November 24, 2006
Rising Brazil soy oil prices derail one bio-diesel project
Rising Brazilian soy oil prices, among a series of other factors, have forced leading local agribusiness cooperative Cocamar to indefinitely postpone the construction of its planned 10-million-liter-per-year biodiesel plant, confirmed a company director Thursday (Nov 23).
"Up to two months ago, it was viable to construct the mill to supply our own tractors and trucks," said Celso Carlos dos Santos Junior, Cocamar's commercial director in a phone interview with Dow Jones Newswires. "But with the rise in soy prices, that's no longer true."
In August, local soy prices hovered around 1300-1350 Brazilian reals a tonne, said dos Santos.
This week, however, prices have jumped higher than BRL1650 per tonne, or nearly 30 percent more, as the price of oilseeds and other grains on world markets have soared, due in part to large quantities of US corn being diverted to ethanol production, said local analysts.
"The price of soy and its derivatives hitched a ride on the prices of corn," said Emilio Ferrari Ramos, a soy analyst at local consultancy Agencia Rural.
With the price rise, a liter of Cocamar soy oil is now a little more expensive than an equivalent liter of diesel in Parana, currently valued at BRL1.55 per liter without the inter-state circulation tax, said dos Santos.
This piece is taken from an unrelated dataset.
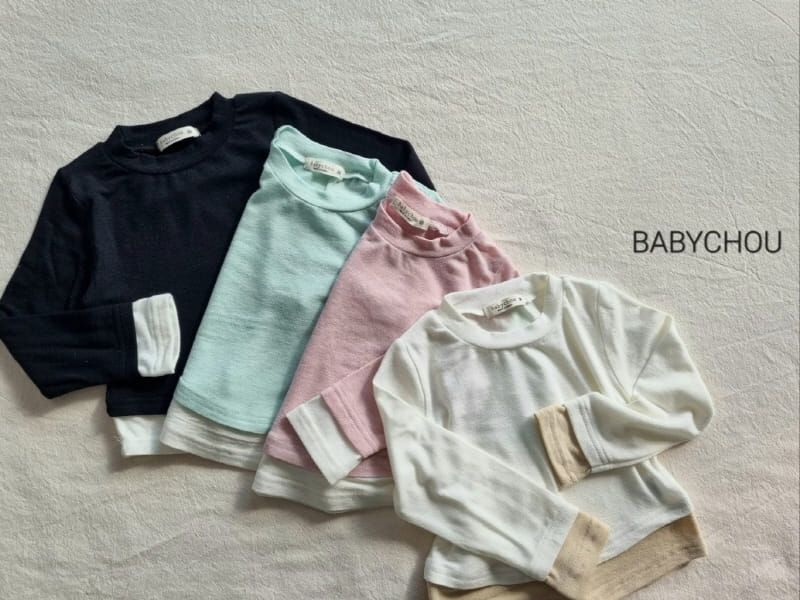 Babychou - Korean Children Fashion - #littlefashionista - Color Tee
Nevertheless, Cocamar - which is headquartered in the southern state of Parana - added that it is wary of drawing any conclusions about the state of Brazil's biodiesel industry from its experience.
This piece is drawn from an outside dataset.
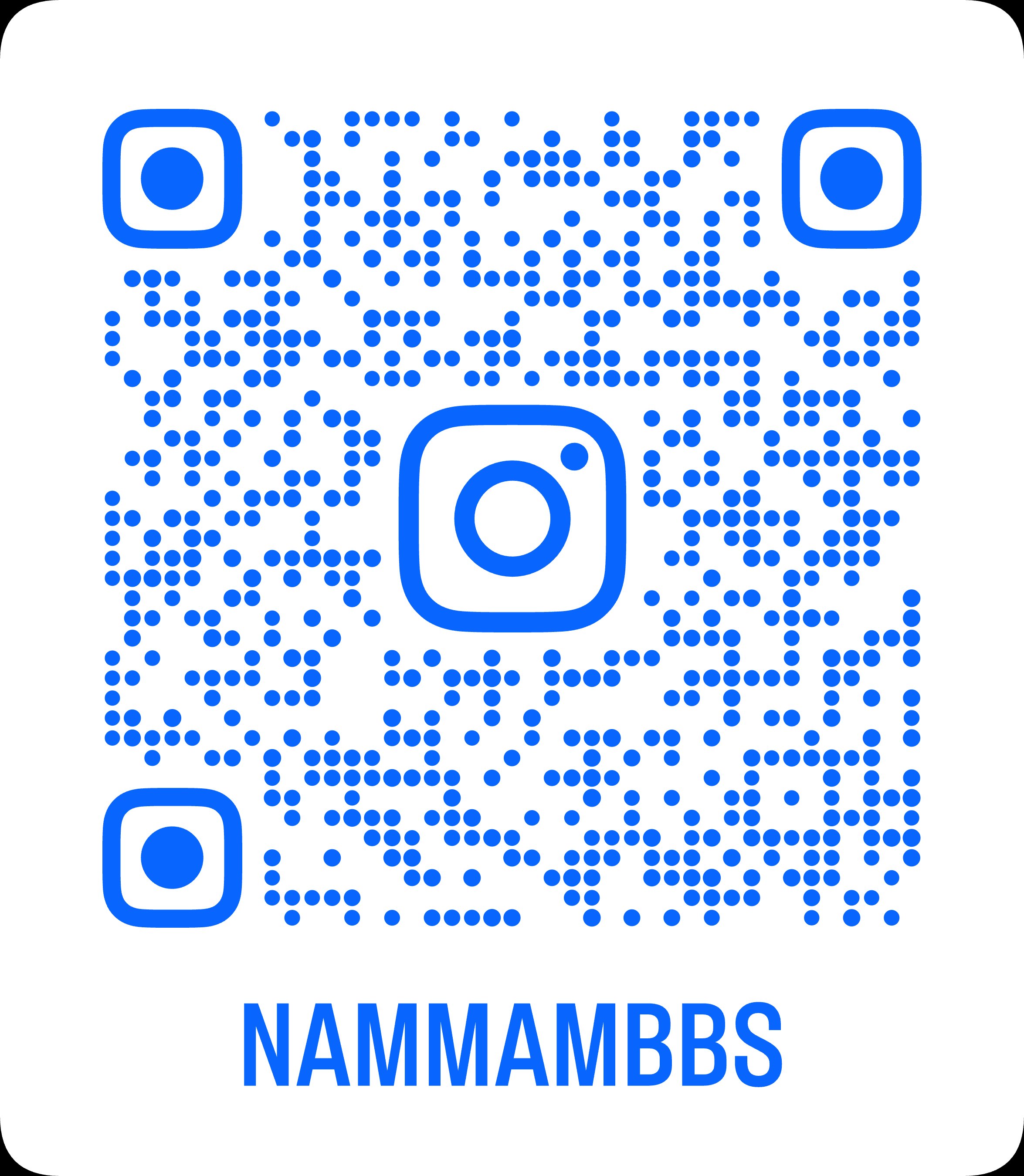 Instagram QR code — scan to follow @nammambbs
"In our region, soy is relatively expensive, while diesel is cheaper," said dos Santos.
By contrast, in the country's main soy-producing center west states of Mato Grosso and Mato Grosso do Sul, where soy prices are far cheaper, diesel costs about 25 percent more than it does in Parana, he pointed out.
The company is currently studying other feedstocks for biodiesel, including residual oils left over after soy crushing.
Still, the cooperative's directors also had other doubts about the viability of a long-term biodiesel project.
Starting in 2008, Brazil will mandate an obligatory 2 percent mix of biodiesel in all diesel, or roughly 800 million liters.
While the government is currently subsidising the biofuel's production by holding biodiesel auctions, as well as offering tax incentives, most producers and analysts expect that such financial support will stop in two years' time.
"The government policy toward biodiesel after 2008 may be different," said Dos Santos. "We'd like to produce biodiesel, but we'd also like to wait a little longer, so that there may be fewer uncertainties."
If the rise in soy prices continues, however, it may derail other biodiesel projects, said other analysts.
By the end of next year, there will be an estimated 1.7 billion litres of installed industrial capacity for biodiesel production, according to local Safras & Mercado consultancy.
About 70 percent of that output was expected to come from soy oil, said Miguel Biegai, a Safras & Mercado consultant.
Surging soy prices could also delay government plans to push an obligatory 5 percent mix of biodiesel in all diesel up to 2010 from 2013, said Roberto Ardenghy, the director of the National Petroleum Agency Thursday, according to a local Agencia Estado newswire report.
"This would make less sense, because we won't have the certainty that there will be enough supply to answer to all of this demand," he said.